In 1997 he founded Nerve Theory, a recording and performance duo with Viennese musician and composer Bernhard Loibner, and was an on-air contributor to many of radio art programs on Kunstradio, the Austrian Broadcasting Network, and other radio venues internationally from 1997 to 2018.

Sherman began publishing essays and articles in 1972 and has published widely in magazines, print anthologies and web-publications. He has published six monographs, including two anthologies of his texts, Cultural Engineering (edited by Willard Holmes, National Gallery of Canada, Ottawa, 1983) and Before and After the I-Bomb: An Artist in the Information Environment (edited by Peggy Gale, Banff Centre Press, Alberta, 2002).

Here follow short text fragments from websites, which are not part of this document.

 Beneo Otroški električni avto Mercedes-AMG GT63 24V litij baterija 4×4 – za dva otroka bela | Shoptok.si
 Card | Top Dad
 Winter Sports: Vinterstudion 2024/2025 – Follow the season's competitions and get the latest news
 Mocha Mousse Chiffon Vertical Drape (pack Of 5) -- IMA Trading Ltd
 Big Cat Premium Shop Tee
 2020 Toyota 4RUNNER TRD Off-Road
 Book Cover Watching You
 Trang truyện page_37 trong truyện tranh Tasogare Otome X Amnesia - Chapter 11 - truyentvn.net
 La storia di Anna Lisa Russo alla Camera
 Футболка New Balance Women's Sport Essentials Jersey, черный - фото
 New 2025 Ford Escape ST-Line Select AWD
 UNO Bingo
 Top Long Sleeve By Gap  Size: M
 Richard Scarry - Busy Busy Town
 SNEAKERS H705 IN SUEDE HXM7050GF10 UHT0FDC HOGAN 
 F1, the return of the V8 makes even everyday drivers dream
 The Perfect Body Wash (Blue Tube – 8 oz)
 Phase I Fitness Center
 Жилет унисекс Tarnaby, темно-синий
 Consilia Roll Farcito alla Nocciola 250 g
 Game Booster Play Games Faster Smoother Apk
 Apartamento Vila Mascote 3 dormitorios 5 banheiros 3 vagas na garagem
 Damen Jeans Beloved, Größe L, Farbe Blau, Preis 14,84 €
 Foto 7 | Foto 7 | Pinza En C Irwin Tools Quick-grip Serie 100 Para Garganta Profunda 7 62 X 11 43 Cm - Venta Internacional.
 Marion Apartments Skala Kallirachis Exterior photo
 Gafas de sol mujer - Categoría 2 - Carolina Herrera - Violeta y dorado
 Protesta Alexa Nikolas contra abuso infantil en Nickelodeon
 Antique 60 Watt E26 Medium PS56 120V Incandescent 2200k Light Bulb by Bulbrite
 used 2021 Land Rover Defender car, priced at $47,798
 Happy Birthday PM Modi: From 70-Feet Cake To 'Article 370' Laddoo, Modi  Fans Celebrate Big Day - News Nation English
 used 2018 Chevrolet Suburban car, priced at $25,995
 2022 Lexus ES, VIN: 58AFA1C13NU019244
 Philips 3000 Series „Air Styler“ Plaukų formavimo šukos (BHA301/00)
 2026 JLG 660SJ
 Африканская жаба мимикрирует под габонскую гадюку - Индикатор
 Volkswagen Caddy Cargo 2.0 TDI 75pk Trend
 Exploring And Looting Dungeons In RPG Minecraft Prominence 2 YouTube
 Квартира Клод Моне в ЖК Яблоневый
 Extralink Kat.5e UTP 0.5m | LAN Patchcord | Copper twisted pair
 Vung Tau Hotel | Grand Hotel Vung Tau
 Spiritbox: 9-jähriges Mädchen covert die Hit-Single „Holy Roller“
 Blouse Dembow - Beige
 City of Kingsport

He has been active in the electronic digital network culture since the early 1980s, actively publishing and interacting on listservs and contemporary social media, including the video file-sharing websites YouTube and Vimeo.

==Books==

===As author===

- 3 Death Stories, Art Metropole (Toronto, Ontario), 1978.
- "Animal Magnetism", Only Paper Today (Toronto, Ontario), Vol. 4, No. 10, 1978.
- "1 Traditional Methodology for Processing Information (under the influence of Brian Molyneaux and Jay Yager)", Metropolitan Toronto Library/Art Gallery of Ontario, June 1978.
- Vocation/Vacation: Banff Information Base (co-authored with Jan Pottie), Banff Centre for the Arts (Banff, Alberta), 1981.
- Cultural Engineering, ed. Willard Holmes, National Gallery of Canada Ottawa, 1983. (ISBN 0-88884-498-0)
- Before and After the I-Bomb: An Artist in the Information Environment, ed. Peggy Gale, Banff Centre Press (Banff, Alberta), 2002.

===Exhibit catalogues===

- Ferguson, Bruce. "Tom Sherman", in Canada Video (exhibition catalogue), National Gallery of Canada (Ottawa), 1980, in English, French and Italian, pp. 60–78. (ISBN 0-88884-442-5)
- Blanchette, Manon. "Tom Sherman, Video and Writing (Un aspect différent de la télévision)": Musée d'art contemporain, Montréal, 4 Mars 1982-4 avril 1982 (ISBN 978-2-551-04587-7)
- Cuperman, Pedro. "Tom Sherman: Meditations on Video & Language", Point of Contact Gallery, Syracuse, New York, October 25-November 30, 2012

==Awards==
- Bell Canada Award for Excellence in Video Art, 2003
- Canada's Governor General's Awards in Visual and Media Arts, 2010

video still from Exclusive Memory, Tom Sherman, 1987

==Public collections (selected)==

National Gallery of Canada, Vancouver Art Gallery, Museum of Modern Art (New York), Whitney Museum of American Art, Art Gallery of Nova Scotia, Musee d'art contemporain (Montreal), Art Gallery of Ontario (Toronto), Ottawa Art Gallery, Municipality of Ottawa/Carleton, Northwestern University (Illinois), Museo Nacional Centro de Arte Reina Sofia (Madrid), Mel Hoppenheim School of Cinema (Montreal), University of Toronto, Ryerson University, Dalhousie Art Gallery (Halifax), Winnipeg Art Gallery, External Affairs/Government of Canada (Paris), The Banff Centre (Alberta), Rose Goldsen Archive of New Media Art/Cornell University, Concordia University Art Gallery, Art Metropole (Toronto), Nova Scotia College of Art and Design (Halifax), Modlin Center for the Arts, University of Richmond (Virginia), The Western Front (Vancouver).

==Personal==

Sherman divides his time between Syracuse, New York and Port Mouton, Nova Scotia.